§ Input data:
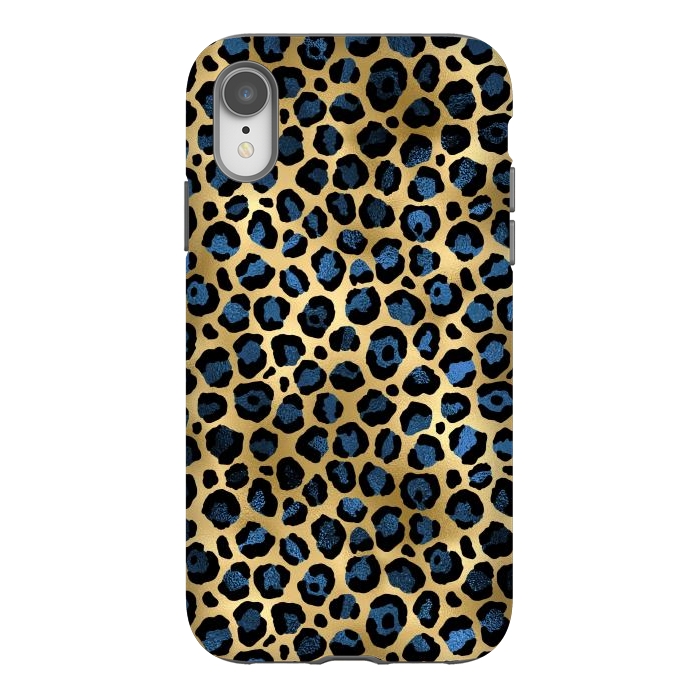 iPhone Xr StrongFit blue leopard print by haroulita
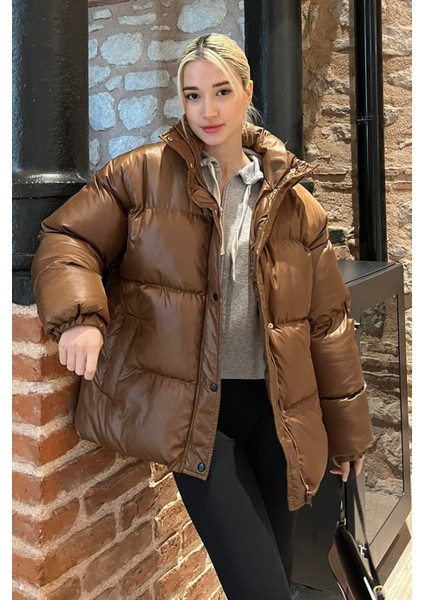 Kahverengi Basic Oversize Kadın Şişme Mont MG1582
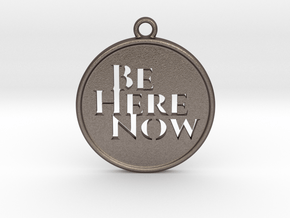 Be Here Now in Polished Bronzed-Silver Steel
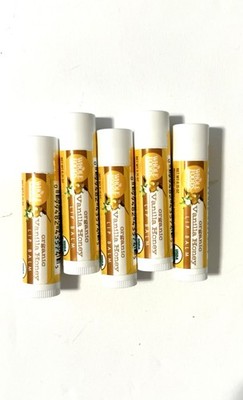 Whole Foods Market Organic Vanilla Honey Lip Balms 0.15oz Each (5-PK) Organic
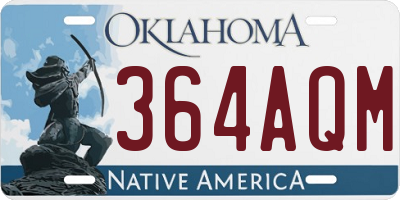 OK license plate 364AQM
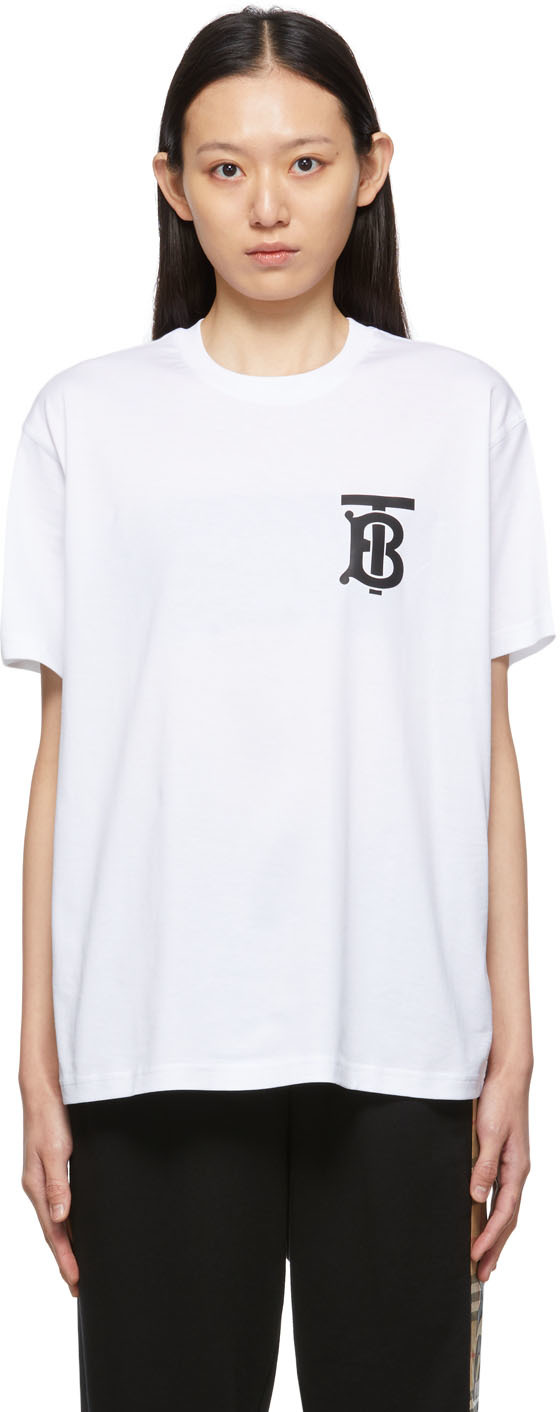 Burberry White Monogram Motif T-Shirt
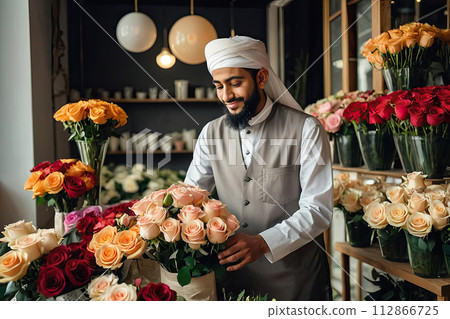 Muslim man florist collects bouquet of roses- fresh cut flowers in boxes and vases in flower shop and racks for sale, delivery for the holiday. Spring, March 8, women's Day, birthday. AI generated 112866725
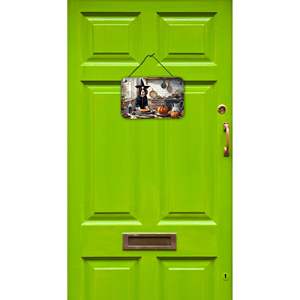 Nouveau Cavalier Spaniel automne cuisine décoration murale multicolore aluminium métal citrouilles porte suspendus imprime 8HX12W pour la maison salle de bain - Product Image 2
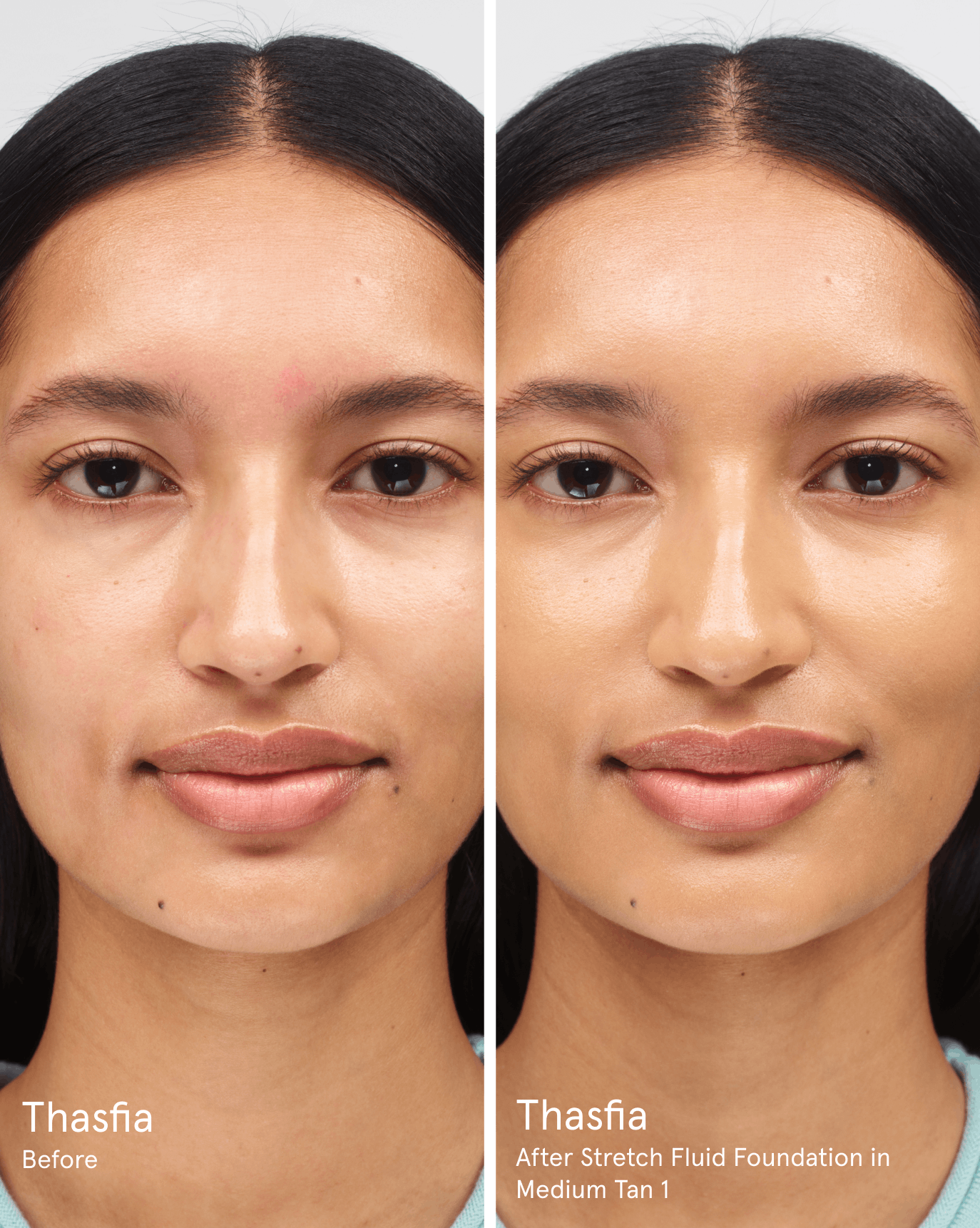 Thasfia before. After Stretch Fluid Foundation in MT1.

§ Problem:
If an entry contains a picture, skip the picture and reproduce everything else exactly.

§ Response for this exercise:
 iPhone Xr StrongFit blue leopard print by haroulita
 Kahverengi Basic Oversize Kadın Şişme Mont MG1582
 Be Here Now in Polished Bronzed-Silver Steel
 Whole Foods Market Organic Vanilla Honey Lip Balms 0.15oz Each (5-PK) Organic
 OK license plate 364AQM
 Burberry White Monogram Motif T-Shirt
 Muslim man florist collects bouquet of roses- fresh cut flowers in boxes and vases in flower shop and racks for sale, delivery for the holiday. Spring, March 8, women's Day, birthday. AI generated 112866725
 Nouveau Cavalier Spaniel automne cuisine décoration murale multicolore aluminium métal citrouilles porte suspendus imprime 8HX12W pour la maison salle de bain - Product Image 2
 Thasfia before. After Stretch Fluid Foundation in MT1.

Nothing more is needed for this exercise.